Russia has sent the first of three teams of inspectors to Egypt to examine security conditions at airports there following the Metrojet plane crash which killed all 224 on board .

Deputy prime minister Arkady Dvorkovich's announcement follows Russia's decision on Friday to suspend passenger flights to Egypt because of security concerns.

Security at the airport, and others around Egypt, have become a central concern as investigators probe the plane crash on October 31, 23 minutes after it left Sharm el-Sheikh, killing all 224 on board.

The US and Britain have said the cause was probably a bomb planted on the plane and Russia has halted flights to Egypt until security at airports is improved.

Mr Dvorkovich did not give details of specific issues on which the inspectors might focus.

Sources have said Sharm el-Sheikh's airport has an alarming record of gaps in security, including a key baggage scanning device that is often not working and lax searches at an entry gate for food and fuel for the planes.

Seven officials involved in security at the airport, several for more than a decade, told the Associated Press news agency of the gaps. Several said the malfunctioning scanner had been noted in security reports to their superiors, but the machine was not replaced.

One of the officials, involved in security for planes, also pointed to bribe-taking by poorly-paid policemen monitoring X-ray machines.

"I can't tell you how many times I have caught a bag full of drugs or weapons that they have let through for 10 euros or whatever," he said.

Egypt's aviation minister and his spokesman did not respond to calls for comment. Egyptian president Abdel-Fattah el-Sissi has said British officials sent a security team to evaluate the airport 10 months ago, in co-operation with Egyptian officials, and were satisfied with the results.

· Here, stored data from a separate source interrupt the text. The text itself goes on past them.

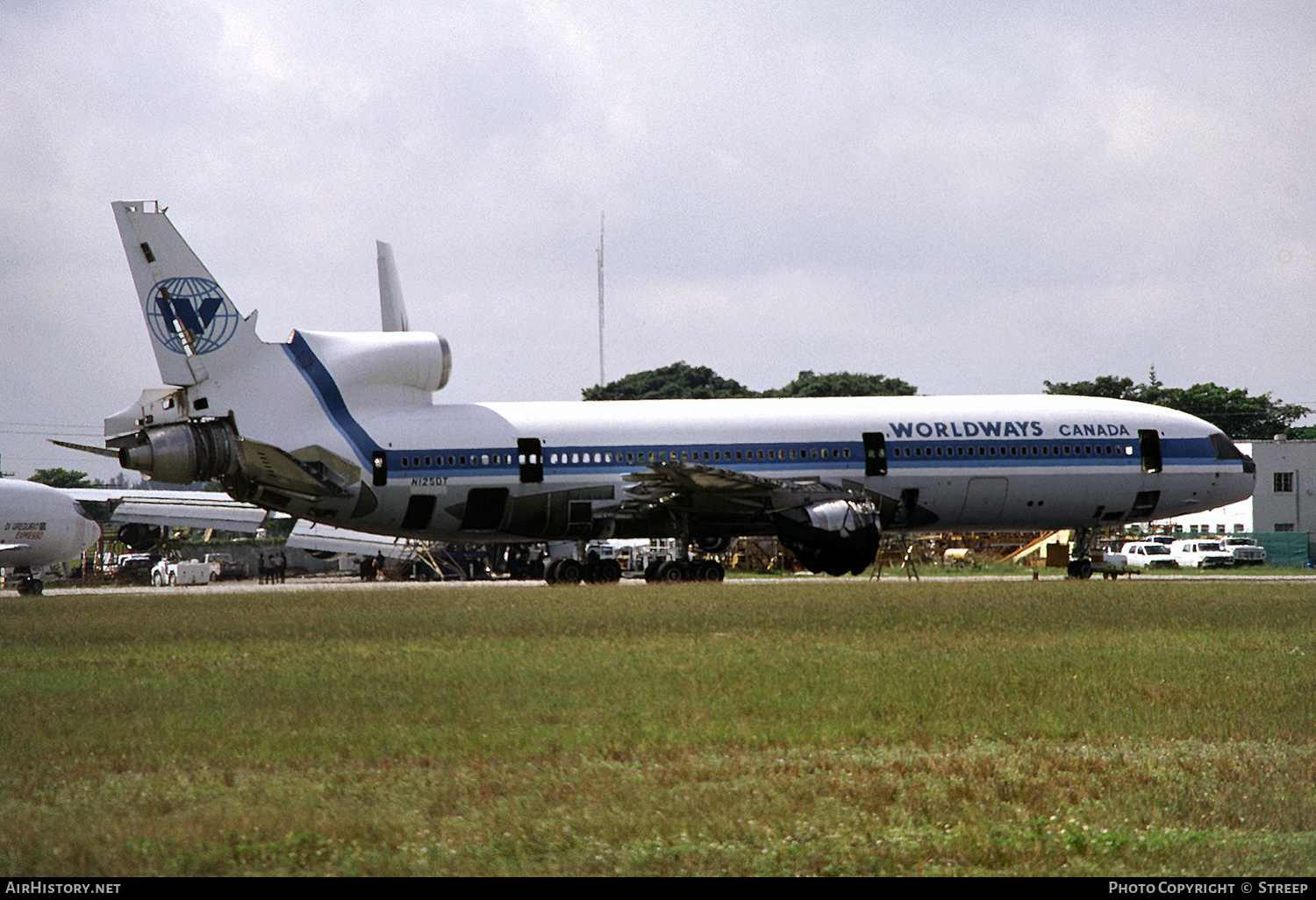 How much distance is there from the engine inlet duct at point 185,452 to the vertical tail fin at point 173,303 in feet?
3.98

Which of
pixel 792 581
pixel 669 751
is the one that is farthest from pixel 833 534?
pixel 669 751

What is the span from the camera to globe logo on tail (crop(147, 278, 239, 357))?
3041cm

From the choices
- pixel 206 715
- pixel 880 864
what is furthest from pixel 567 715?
pixel 880 864

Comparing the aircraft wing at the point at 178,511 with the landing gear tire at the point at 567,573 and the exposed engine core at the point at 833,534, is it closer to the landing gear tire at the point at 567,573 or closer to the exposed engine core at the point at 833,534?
the landing gear tire at the point at 567,573

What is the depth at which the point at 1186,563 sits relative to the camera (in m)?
56.4

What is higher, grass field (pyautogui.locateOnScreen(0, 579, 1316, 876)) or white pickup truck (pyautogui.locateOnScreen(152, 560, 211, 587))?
grass field (pyautogui.locateOnScreen(0, 579, 1316, 876))

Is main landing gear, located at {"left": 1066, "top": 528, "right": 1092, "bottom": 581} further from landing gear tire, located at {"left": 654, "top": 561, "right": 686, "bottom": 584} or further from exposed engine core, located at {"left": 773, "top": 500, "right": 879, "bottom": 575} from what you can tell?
landing gear tire, located at {"left": 654, "top": 561, "right": 686, "bottom": 584}

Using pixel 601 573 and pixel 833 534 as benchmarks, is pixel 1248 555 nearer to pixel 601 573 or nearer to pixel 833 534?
pixel 833 534

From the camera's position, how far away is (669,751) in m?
10.2

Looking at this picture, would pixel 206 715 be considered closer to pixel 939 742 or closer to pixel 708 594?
pixel 939 742

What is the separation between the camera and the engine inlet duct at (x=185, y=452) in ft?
97.6

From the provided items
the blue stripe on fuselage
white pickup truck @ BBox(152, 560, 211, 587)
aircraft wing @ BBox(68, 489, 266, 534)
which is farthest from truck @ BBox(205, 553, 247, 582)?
the blue stripe on fuselage

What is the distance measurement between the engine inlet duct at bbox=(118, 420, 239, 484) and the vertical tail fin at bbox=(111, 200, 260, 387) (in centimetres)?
121

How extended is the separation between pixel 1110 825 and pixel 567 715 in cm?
509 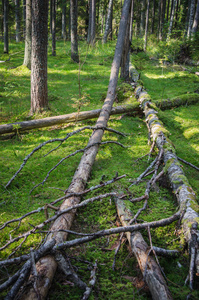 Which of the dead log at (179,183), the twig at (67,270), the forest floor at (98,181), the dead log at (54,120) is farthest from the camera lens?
the dead log at (54,120)

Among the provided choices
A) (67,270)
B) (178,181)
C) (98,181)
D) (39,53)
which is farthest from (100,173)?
(39,53)

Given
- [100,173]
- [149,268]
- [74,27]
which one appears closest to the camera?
[149,268]

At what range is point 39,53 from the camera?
22.2 ft

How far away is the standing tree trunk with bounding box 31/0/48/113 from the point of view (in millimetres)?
6430

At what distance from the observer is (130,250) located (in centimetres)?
279

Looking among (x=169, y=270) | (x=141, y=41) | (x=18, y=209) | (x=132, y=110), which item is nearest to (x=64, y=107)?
(x=132, y=110)

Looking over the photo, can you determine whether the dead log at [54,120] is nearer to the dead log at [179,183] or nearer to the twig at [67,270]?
the dead log at [179,183]

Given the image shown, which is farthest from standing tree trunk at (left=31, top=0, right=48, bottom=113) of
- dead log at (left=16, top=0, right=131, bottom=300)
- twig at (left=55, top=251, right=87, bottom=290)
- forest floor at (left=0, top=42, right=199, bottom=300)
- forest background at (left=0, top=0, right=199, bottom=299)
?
twig at (left=55, top=251, right=87, bottom=290)

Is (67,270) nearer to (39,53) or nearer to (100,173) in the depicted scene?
(100,173)

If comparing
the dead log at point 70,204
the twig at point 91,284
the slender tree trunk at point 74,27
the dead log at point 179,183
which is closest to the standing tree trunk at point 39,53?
the dead log at point 70,204

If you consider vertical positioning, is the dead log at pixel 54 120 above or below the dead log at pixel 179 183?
above

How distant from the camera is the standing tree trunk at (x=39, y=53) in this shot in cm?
643

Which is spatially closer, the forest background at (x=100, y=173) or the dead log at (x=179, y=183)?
the forest background at (x=100, y=173)

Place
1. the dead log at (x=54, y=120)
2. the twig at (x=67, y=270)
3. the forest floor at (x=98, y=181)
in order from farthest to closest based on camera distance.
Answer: the dead log at (x=54, y=120), the forest floor at (x=98, y=181), the twig at (x=67, y=270)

British Transport Secretary Patrick McLoughlin suggested on Friday that screening of checked-in bags was insufficient, telling the BBC that it had imposed its own additional checks on its flights "because we weren't wholly satisfied with the way screening had been done".

All bags are put through a scanner as passengers enter Sharm airport, and carry-on bags go through a second machine at the gate before boarding.

But a scanner in the sorting area for checked-in bags is oftennot working, the airport officials said.

One said the breakdowns in the 10-year-old CTX scanner were because operators did not use it properly - "human stupidity" he said - rather than technical faults.

"I have seen people unplug it to save power," he said.

Another official said the staff made sure the scanner was operating well enough whenever international experts came to review measures at the airport.

"We only care about appearances," he said. "Once they (airport chiefs) hear something is coming, suddenly everything gets fixed. We wish we had visits every day."

But several officials argued that it was "not that important" that the machine broke down because when it was working, it was used to scan only a sample of the bags, not all of them.

The scanner was one of at least five granted by Britain, and another scanner is used at Cairo's airport but only to scan luggage for flights to London and Paris, according to two security officials there. In Sharm el-Sheikh, the selective use of the scanner is even more arbitrary, three officials said.

On Friday, Russia suspended all flights to Egypt, joining Britain, which had halted flights to Sharm el-Sheikh. Ireland has also suspended flights to the Red Sea resort, while at least half a dozen western European governments told people not to travel there.

Empty charter planes have been flying to Sharm el-Sheikh to bring home stranded Russian and British tourists. But these flights banned passengers from checking in luggage, suggesting a concern about security and luggage-screening procedures.

Egyptian authorities at Sharm el-Sheikh airport have begun questioning airport staff and ground crew who worked on the Russian flight and have placed some employees under surveillance, according to airport and security officials.

The officials from Sharm el-Sheikh airport said security checks were often lax at a gate into the facility used to bring in food and fuel. Local hotels provide food to some flights and deliver the food directly to the planes, they said.

Guards at the gate often let such deliveries go in without full searches because they know the delivery men, the officials said. Guards in a diligent mood are often bribed with a meal or two to pass the lorries unsearched to save time, they added.

"You are not going to search your friend or your friend's friend," one official said. "It's rude."

A retired senior official from Egypt's Tourism Ministry, Magdy Salim, said airport guards regularly skipped security checks for friends and co-workers and often did not search people "out of respect to save their time if they look chic or if they come out of a fancy car".

"Airport security procedures in Egypt are almost (all) bad" and marred by "insufficiencies," Mr Salim said.

Earlier, the head of the joint investigation team, Ayman el-Muqadem, said a noise was heard in the last second of the cockpit voice recording before the plane plummeted. The announcement bolstered US and British suspicions it was brought down by a bomb.

However, Mr el-Muqadem warned it was too early to say what caused the plane to apparently break up in mid-flight, adding that analysis of the noise was under way.